Mobiliser les espaces sous-utilisés : un potentiel supplémentaire négligé
Au-delà des réserves foncières, l’étude met en avant un levier complémentaire majeur : l’optimisation des espaces déjà bâtis mais sous-utilisés. Cela concerne notamment les logements sous-occupés, les zones d’activités économiques peu exploitées, ou encore les résidences secondaires habitées quelques semaines dans l’année.
- Réduire de 25 % les résidences secondaires permettrait la création de 75 000 logements principaux ;
- La requalification des zones économiques pourrait engendrer 230 000 nouveaux logements ;
- La lutte contre la sous-occupation des logements libérerait plusieurs centaines de milliers de logements.
Pour que ce potentiel devienne réalité…
Il est indispensable de transformer l’intention en action. Cela suppose de mobiliser plusieurs leviers décisifs :
- Renforcer la coordination entre acteurs publics et privés, en impliquant pleinement collectivités, bailleurs sociaux, aménageurs et promoteurs dans une logique de co-construction ;
- Accompagner les communes, notamment les plus petites, dans une planification urbaine durable, en renforçant leurs moyens financiers et techniques, grâce notamment à une fiscalité ciblant les logements vacants et les résidences secondaires
- Associer les citoyens aux projets, grâce à des démarches de concertation ambitieuses, afin de garantir leur acceptabilité et leur ancrage local.
Soutenues par des politiques publiques claires en faveur de la sobriété foncière et de l’innovation urbaine, ces actions permettront de passer du gisement au projet, et du projet à la réalité.
Cette étude repose sur l’analyse des données statistiques disponibles et sur un corpus de 23 entretiens réalisés auprès d’experts et d’acteurs de l’aménagement, afin de croiser les points de vue et d’ancrer l’analyse dans les pratiques opérationnelles du secteur.

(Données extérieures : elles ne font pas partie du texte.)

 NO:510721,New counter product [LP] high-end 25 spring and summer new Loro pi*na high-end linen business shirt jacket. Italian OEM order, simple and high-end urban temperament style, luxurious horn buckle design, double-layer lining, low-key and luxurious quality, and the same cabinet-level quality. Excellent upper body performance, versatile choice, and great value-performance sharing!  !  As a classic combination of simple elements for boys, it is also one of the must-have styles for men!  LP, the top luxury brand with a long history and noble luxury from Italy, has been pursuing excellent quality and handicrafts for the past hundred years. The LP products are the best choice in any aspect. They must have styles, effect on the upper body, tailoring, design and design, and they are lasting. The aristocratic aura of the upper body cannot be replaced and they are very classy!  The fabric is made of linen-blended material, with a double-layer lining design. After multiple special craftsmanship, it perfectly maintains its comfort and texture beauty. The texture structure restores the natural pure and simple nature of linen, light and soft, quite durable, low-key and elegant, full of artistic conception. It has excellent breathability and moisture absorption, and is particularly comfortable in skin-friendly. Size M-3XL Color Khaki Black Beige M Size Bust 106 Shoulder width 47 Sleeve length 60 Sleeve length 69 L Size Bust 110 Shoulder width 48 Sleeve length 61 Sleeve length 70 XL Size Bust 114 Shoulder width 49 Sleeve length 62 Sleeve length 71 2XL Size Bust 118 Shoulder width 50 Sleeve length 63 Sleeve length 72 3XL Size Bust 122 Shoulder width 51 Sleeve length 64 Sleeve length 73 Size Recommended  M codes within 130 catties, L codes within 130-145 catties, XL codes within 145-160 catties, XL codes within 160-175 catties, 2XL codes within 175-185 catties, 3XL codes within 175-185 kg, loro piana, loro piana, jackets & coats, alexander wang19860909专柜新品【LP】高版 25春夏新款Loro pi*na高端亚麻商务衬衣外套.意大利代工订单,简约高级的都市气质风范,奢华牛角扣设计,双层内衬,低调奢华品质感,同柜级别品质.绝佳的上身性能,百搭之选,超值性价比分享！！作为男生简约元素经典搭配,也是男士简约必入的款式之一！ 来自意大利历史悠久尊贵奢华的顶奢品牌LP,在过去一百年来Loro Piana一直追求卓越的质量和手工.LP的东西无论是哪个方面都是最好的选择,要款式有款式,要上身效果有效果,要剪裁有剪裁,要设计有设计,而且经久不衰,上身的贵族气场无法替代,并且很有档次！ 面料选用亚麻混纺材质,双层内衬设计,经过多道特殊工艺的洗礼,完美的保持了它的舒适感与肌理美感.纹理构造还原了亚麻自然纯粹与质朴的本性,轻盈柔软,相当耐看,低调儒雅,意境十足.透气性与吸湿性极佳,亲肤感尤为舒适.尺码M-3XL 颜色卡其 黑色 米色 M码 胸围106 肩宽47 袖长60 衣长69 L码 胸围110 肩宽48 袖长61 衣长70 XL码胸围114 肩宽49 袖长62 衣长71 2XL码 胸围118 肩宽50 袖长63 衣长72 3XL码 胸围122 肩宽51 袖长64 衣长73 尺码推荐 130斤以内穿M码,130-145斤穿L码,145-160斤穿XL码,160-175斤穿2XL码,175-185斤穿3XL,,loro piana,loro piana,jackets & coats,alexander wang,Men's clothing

Elle a été enrichie par 5 entretiens complémentaires avec des collectivités franciliennes, apportant des retours d’expérience précis. Enfin, un comité d’experts composé de Urbense, la DRIEAT Île-de-France, la DRIHL Île-de-France, l’AORIF et l’Apur a été mobilisé tout au long du travail pour examiner les données, consolider les estimations et conforter les hypothèses retenues.